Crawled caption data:
::::

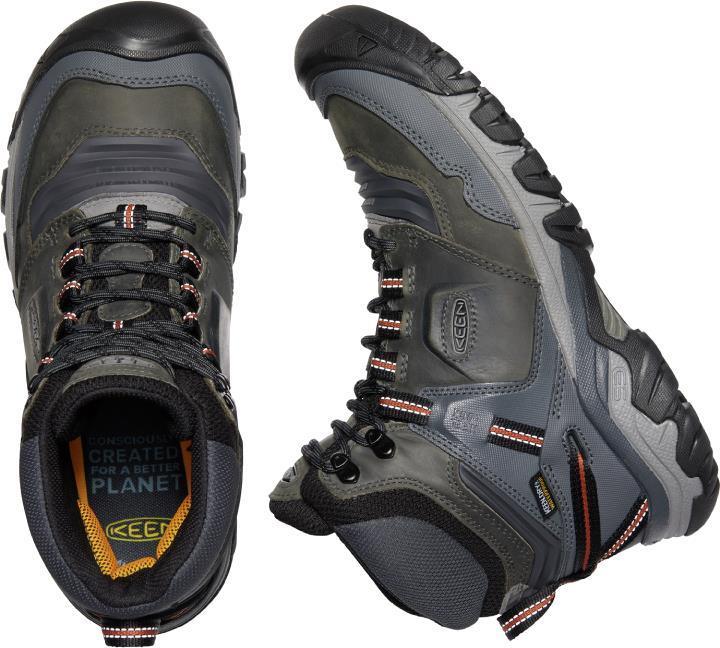 Ridge Flex Mid WP - Mens - Image 35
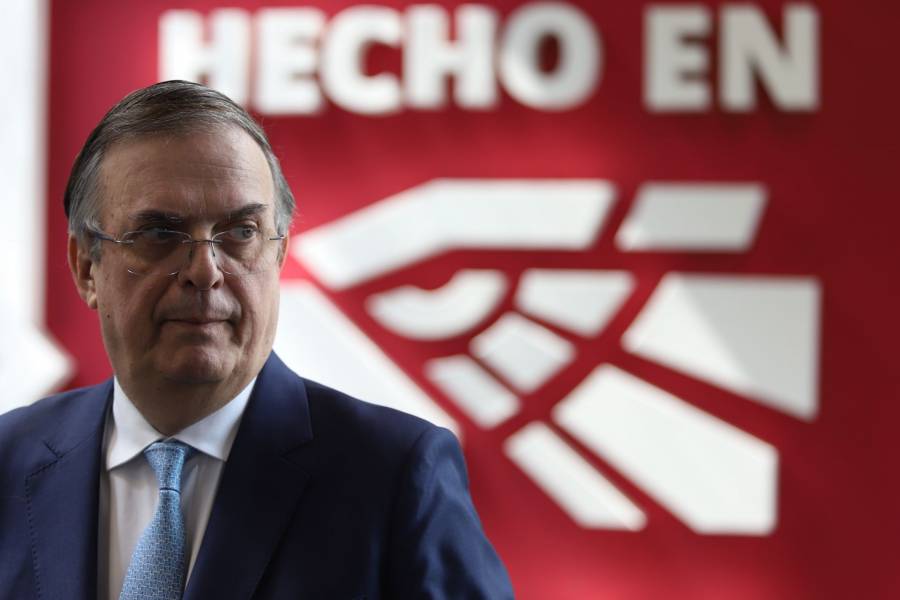Ebrard anticipa negociación complicada en revisión del T-MEC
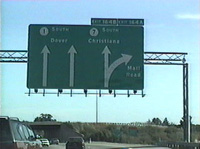Delaware Highway Vidcaps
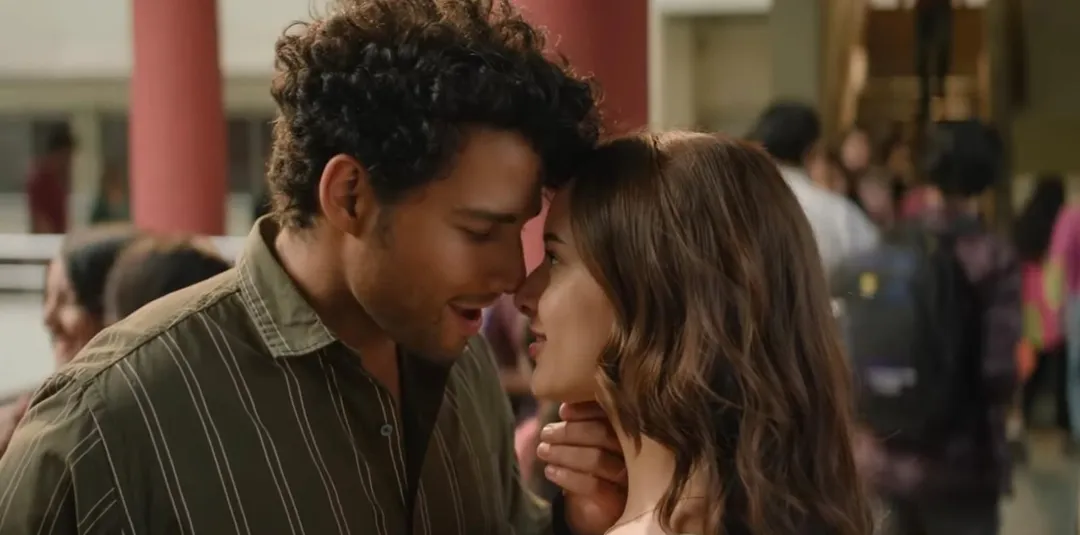 Triptii Dimri Calls Dhadak 2  (2)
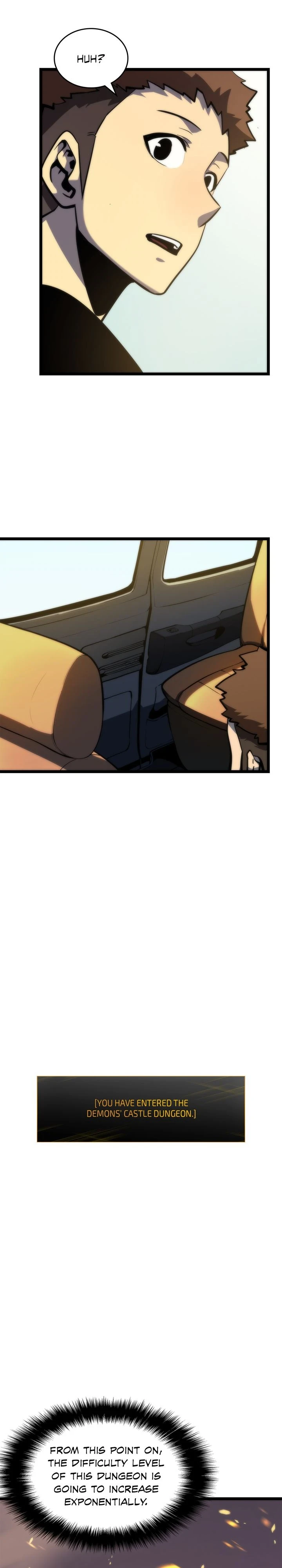 Solo Leveling Chapter 80, page 9 of 29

::::

The answer must be the full set of records, repeated exactly, with no pictures.

- **Written answer**:
 Ridge Flex Mid WP - Mens - Image 35
Ebrard anticipa negociación complicada en revisión del T-MEC
Delaware Highway Vidcaps
 Triptii Dimri Calls Dhadak 2  (2)
 Solo Leveling Chapter 80, page 9 of 29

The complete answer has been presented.